This past weekend, I was one of 18 participants in the Presbyterian Peace Fellowship’s Discernment and Training for the Colombia Accompaniment Program (CAP). During an intense three days, we sought to learn the history of the nation of Colombia over the past 50 years, explore the origin of the CAP and dig into the nitty-gritty of life as an accompanier with the Iglesia Presbiteriana de Colombia (IPC). We gathered to discern whether God was calling us to a month of looking and listening in Colombia.
Contrary to stereotypical mission work, the work of an accompanier is a commitment to the ministry of presence. This weekend, we were challenged to think about how we would feel spending a month with the sole purpose of holding presence with our Colombian hosts. As 18 white folks with U.S. passports, we were a group with immense privilege and power. We were challenged to shift our understanding and commitment to develop a practice that would serve us not only as acompañantes but in our day-to-day life. How do we prioritize looking and listening over doing?
These conversations brought me back to my first couple of months as a Young Adult Volunteer in Tucson in 2013. Much of my time at Southside Presbyterian was spent being present, hanging out with people eating breakfast, speaking broken Spanish with day laborers in the parking lot. I struggled with this, realizing then how programmed I was to want to accomplish tasks. But, I was challenged then as I was this weekend to acknowledge and practice the power of presence. The IPC continues to request more accompaniers because our presence helps them to defend their rights. When the Colombian government sees that the Presbyterian Church there has United Statesian* friends who visit, they are less likely to infringe on their rights. Even still, they are still much more at risk than we will ever be in their country. That was a tension we wrestled with as a group. And one we were challenged to sit with.

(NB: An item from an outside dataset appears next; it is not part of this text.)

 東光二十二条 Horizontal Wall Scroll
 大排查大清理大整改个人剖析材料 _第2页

Throughout the weekend, we were given two opportunities to practice looking and listening. On Sunday afternoon, we did a partner walk. Each person in a pair was given 15 minutes to discuss their process of discernment for the program. The partner’s job was to listen well without interrupting. As I listened to my partner Leslie, I was reminded how difficult it is to not interject! But, I learned so much about her by listening to understand, not to respond.

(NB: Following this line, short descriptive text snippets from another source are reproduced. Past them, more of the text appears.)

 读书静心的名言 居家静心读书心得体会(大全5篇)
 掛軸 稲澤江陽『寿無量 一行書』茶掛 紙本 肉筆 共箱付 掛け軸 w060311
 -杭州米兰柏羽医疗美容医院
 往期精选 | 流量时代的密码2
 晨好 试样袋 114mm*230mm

On Monday morning, we split up into three groups to visit local Tucson community groups. Once again, our goal was to listen and learn from the community groups. Two groups visited shelters for asylum-seeking families; my group visited the House of Neighborly Service (HNS), a community center with a focus on economic advancement opportunities for women. During our reflection after, Alison asked us to imagine that we couldn’t understand the language of our host at the community group. What, then, did we see? This question caught me by surprise. What did I see that would tell me something about the work of HNS? I take comfort in understanding every detail of what someone says to me, often frustrated when I misunderstand something in Spanish. How can I rely on my other senses to understand the world around me? How can this serve me as an accompanier? In my daily life?
The more power you hold in the world, the less you’ve been told to be quiet and listen. As a white woman with a U.S. passport, I have been socialized to take up space in most spaces. Usually, I’m listened to. As I leave this weekend committed to one day becoming a Colombia accompanier, I feel empowered to continuing to develop these skills of observation and listening. It’s one way I can use my power for good.
*American is a misnomer because it includes all people of Latin America. We’re trying to normalize ‘United Statesian as an alternative adjective.”